The centrality of subsistence resources may be obscured on a first impression by the presence of snowmachines, fishing skiffs with outboard motors, airplanes and other modern accouterments when the newcomer may have expected sled dogs and snowshoes. “Each village has had to come to its own terms with the cash economy,” Owens points out. But these terms are tied to subsistence. In almost every village, imported technologies represent tools for facilitating the subsistence way of life, rather than preempting it. They also ease a multitude of labor-intensive tasks that go with subsistence activities.
I appreciate NA approaches to subsistence but, offhand, it seems that this is the SAME QUEST that most any “lower class” person has. Or, heck, anyone at all. What are they really saying here? Everyone uses tools to support their way of life. And those tools can be “authentic.”
The main thing I noticed in the above is the evidence of potentially shockingly ignorance in the phrase “when the newcomer may have expected sled dogs and snowshoes.” Did the writer possibly mean something like “rich white city person” to go with the term “newcomer”? I’d think that lots of folks, especially lower class, could easily appreciate in a heartbeat any of the supports that a people would have, if at all possible, for getting-by.
To me, the idea of a “Program Officer” is almost more strange than aboriginal subsistence. Add the idea that an ecosystem includes the people within it as PART of it in this case and things get weirder yet. Some people are part of nature while others aren’t, perhaps.
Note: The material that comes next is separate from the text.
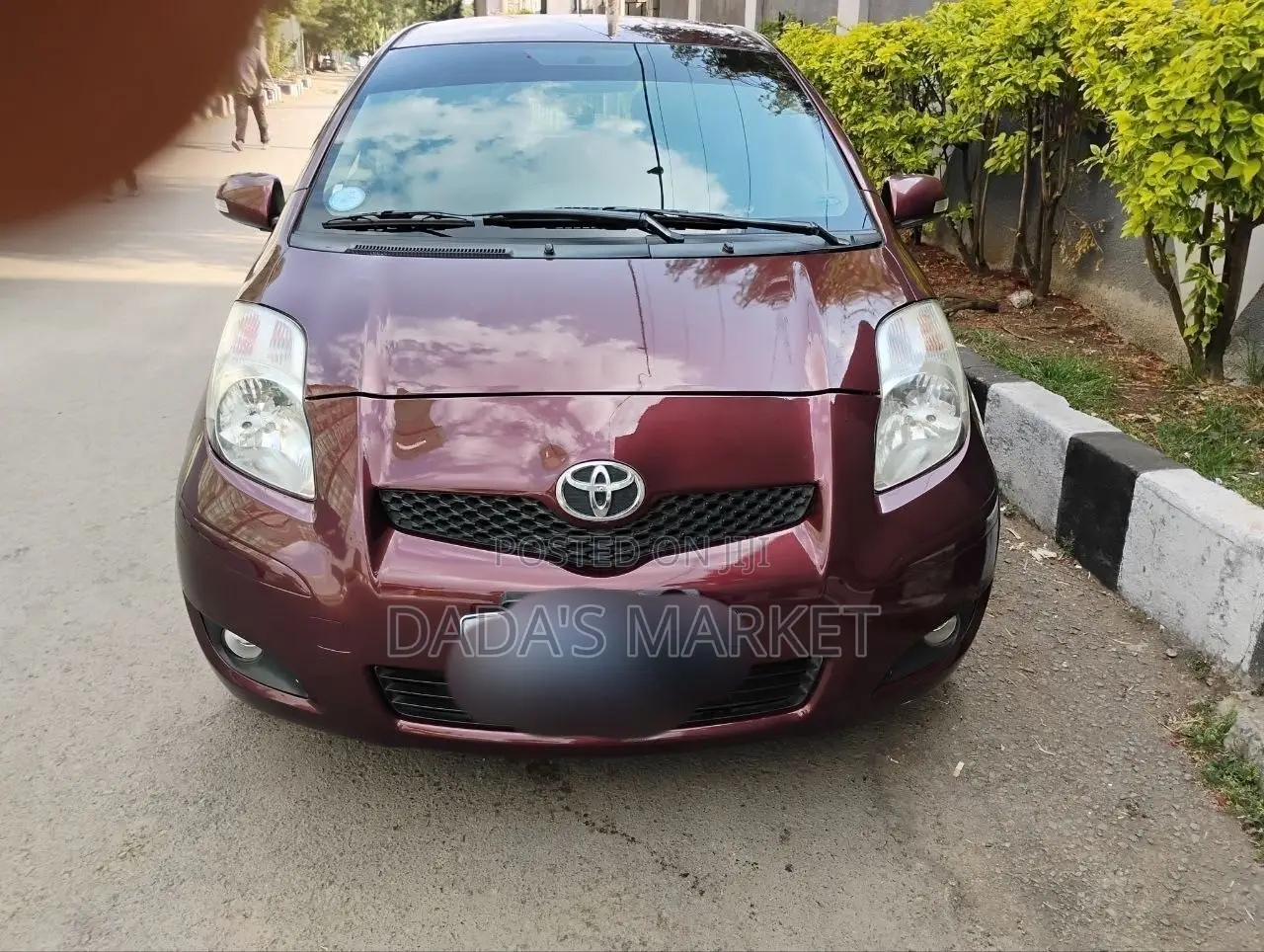 Toyota Yaris 2010 Burgundy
I stopped by a neighbor’s house the other day and when I stepped in he said “Care for some bluegill? How about some venison stew?” He still had both on the stove from the dinner his family just had.
To me subsistence is an interesting aspect that is singled out for one group of people but which represents the interests of EVERYONE.
For instance, one place in the report says that subsistence doesn’t relate to the poverty of a group but to its connection to the wealth of its ancestry. I hear ya!
Now maybe subsistence is indeed in contrast to some practices: I recently met a local taxidermist who stuffs trophies for a fair bit of his living. He mentioned that one hunter’s African Eland license was $23,000. So, trophy folks aren’t hunting for literal subsistence. But, who knows, maybe their expenses are keeping villages alive in Africa. I’ve heard that Panama hats that cost $2,000-$10,000 definitely are bought mostly so that the buyer can be a benefactor for some village in Ecuador. But, of course, this brings up for considering the whole culture behind benefaction and philanthropy: give me power then I give you life. Eh? Like, Gates gives away billions. But he makes even more. Why doesn’t he just charge far less for his products so he never has the excess in the first place? The only answer can be because he wants to be in charge. Of you. (Or anyone. And that is the same as you.) And that is of course, wrong. And evil. Approaching its essence, even. But, no worries, we all get our share in our own way.
Anyway, anthropology is cool because of how it works in all directions. The grad student who goes to study a tribe might be a fascinating creature. Dig into him/her and you’ll find quite a web. The pain might be worth it.